私も再稼働には賛成しかねると考えていましたが、いろいろ調べますと原発は稼働しているから危ない、稼働していなければリスクが少ないという単純なものでもないようです。
福島第一の事故原因は津波による冷却機能喪失だと言われます。
原発は冷却機能が失われた時が最も危険だという立場に立てば、稼働していない状態のほうが自身を冷やすための電力を作れないというリスクを背負っていることになります。
圧力容器に燃料棒がある限り、格納容器内の冷却プールに使用済み燃料がある限り、稼働中かどうかにかかわらず大地震、大津波などが起こればどの原発も大事故が起こる可能性は十分あることになります。
つまり使用中、使用済みの核燃料を内部に残す原発を停止させてもリスクは残りますので、現在停止中の全国の原発すべてについて、燃料を取り出して完全に廃炉にしない限り原発のリスクは減らないことになります。
ただし廃炉にした後の核燃料貯蔵の安全性は別問題として発生します。
半減期の長い核燃料はどこまでも半永久的に安全性の問題がついてまわりますので、原発の一番やっかいな点だと思います。
原発を稼働すれば停止している状態に比べて過酷事故の起こる可能性が高くなる要因もあるかも知れません。
今までの言動から電力会社はそういった要因を隠している、あるいは過大に安全と評価している可能性も拭い切れません。
原発のリスクを最小にするためには一刻も早く日本国中全ての原発を廃炉にもっていく算段をすべきということになりますが、廃炉への過程も一朝一夕にすぐできるというものではなく、つくづく原発というもののやっかいさを思います。
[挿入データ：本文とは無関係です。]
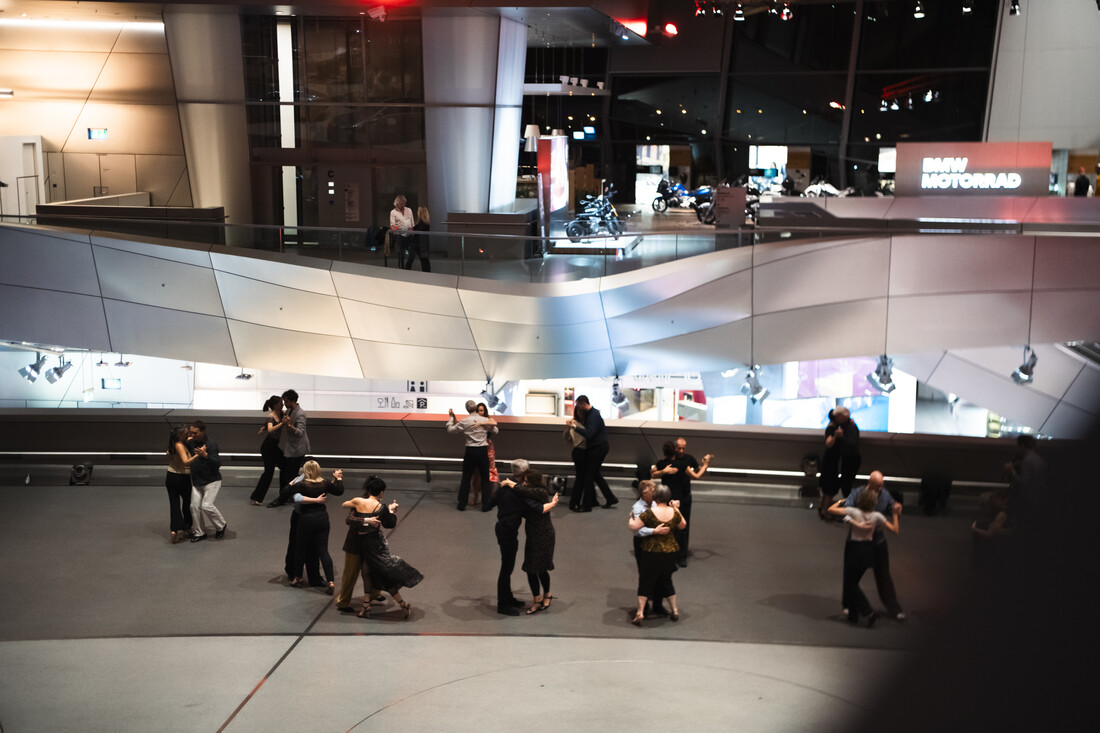 Tango in der BMW Welt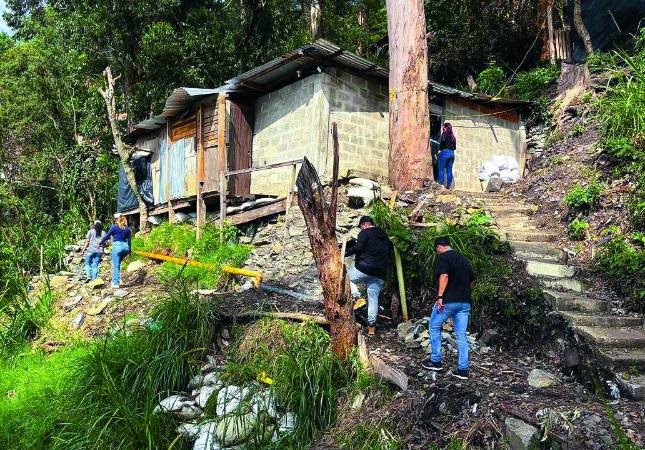 Las sensibilizaciones se han hecho en los 65 puntos críticos, pero en las últimas horas recorrieron las laderas del barrio El Picacho, en la comuna Doce de Octubre. / FOTO: CORTESÍA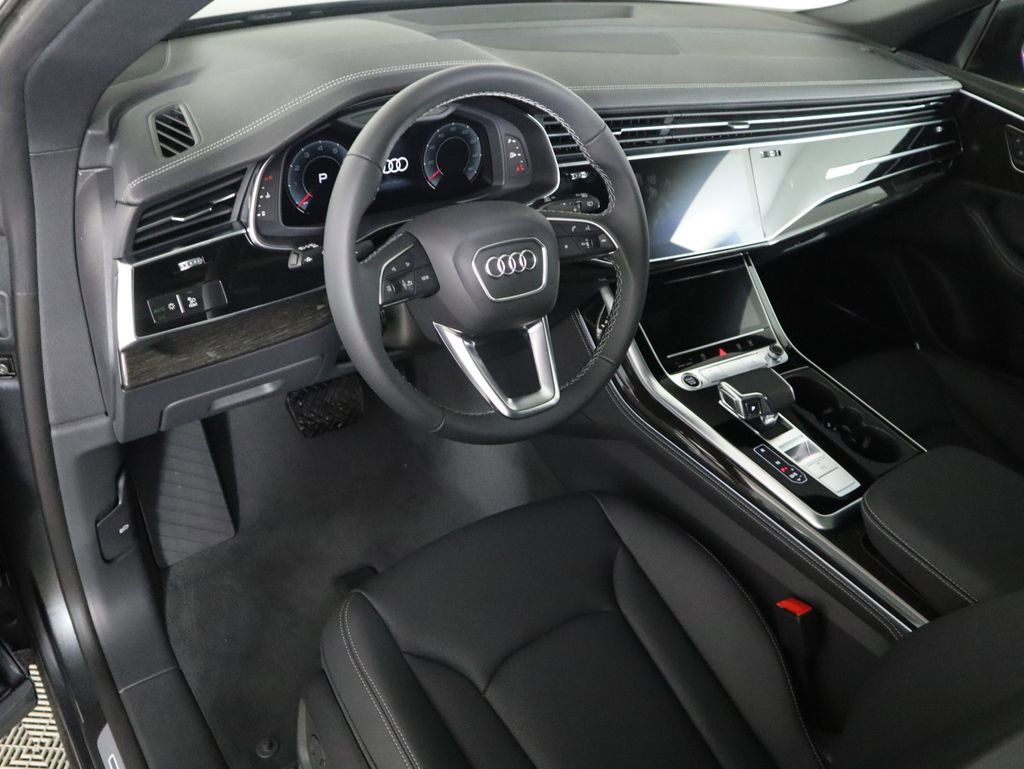 New 2025 Audi Q8 Premium Plus image 10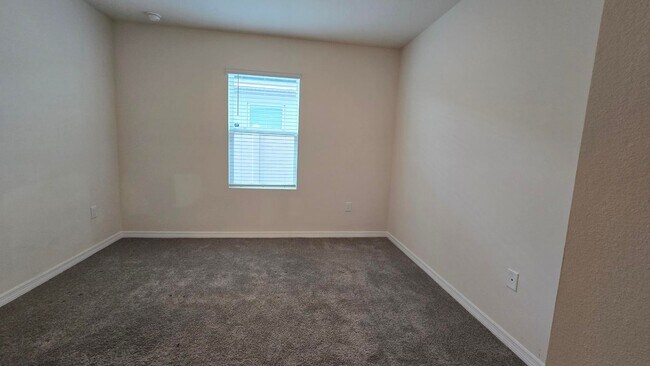 Building Photo - Beautiful 4 Bedroom, 2 bath home is Availa...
事故を起こした福島第一原発のその後についてはあまり報道に取り上げられなくなりましたが、以下のような緊急課題がありそうです。
福島第一原発の4号機には、原子炉建屋5階、地上30メートルの高所に燃料貯蔵プールがあり、ここに1535本もの核燃料棒が、シートで燃料プールを被っているだけのむき出し状態のまま保管されており、その安全確保が最重要課題になっています。
4号機は80cmの不同沈下が発生しているそうで、わずかの余震で完全に倒壊する可能性が高く、もしこの4号機が倒壊して仮設の冷却システムのパイプが損傷してしまい、メルトダウンが起きて大気中で火災が起きると、それはもう科学が想像すらしたことのない、まだ人類が経験したこともない究極の破壊につながることは確実と多くの科学者が指摘しています。
福島第一原発4号機 (2011.3.24)
さらに恐ろしいことには、大飯、志賀(石川県)両原発直下の活断層の存在の可能性が指摘され、電力会社や国による過去の調査・審査のずさんさが明るみに出ました。
原発を稼働させたいがための意図的なものを感じざるを得ません。
中国は高速鉄道の大事故で原因究明もしないまま、あろうことか事故車両をさっさと地中に埋めてしまいました。
なんてことをするのかと多くの日本人は呆れ返りましたが、ひるがえって日本の原発事故の対応はどうでしょう。
中国のやり方を笑えるでしょうか、中国よりはるかに悲惨かも知れません。
原発は理論、理屈が難しくてわかりにくいですが、それ以上に何が正しくて何が正しくないのか、情報が制御、隠ぺいされて正確な情報が私たちに伝わってこないことが一番恐ろしいと思います。
絶対あってはならないことですが、こんな言い方を許していただけるならば、もう一度福島第一で大事故が起こらないと、あるいは再稼働した大飯で大惨事が起こらないと目が覚めないのでしょうか。
そうなってもまたもや電力会社は「想定外だった」とうそぶくのでしょうか。
容易に日本脱出ができない私たち庶民にはどんな夏の納涼話より背筋が凍る話になってしまいました。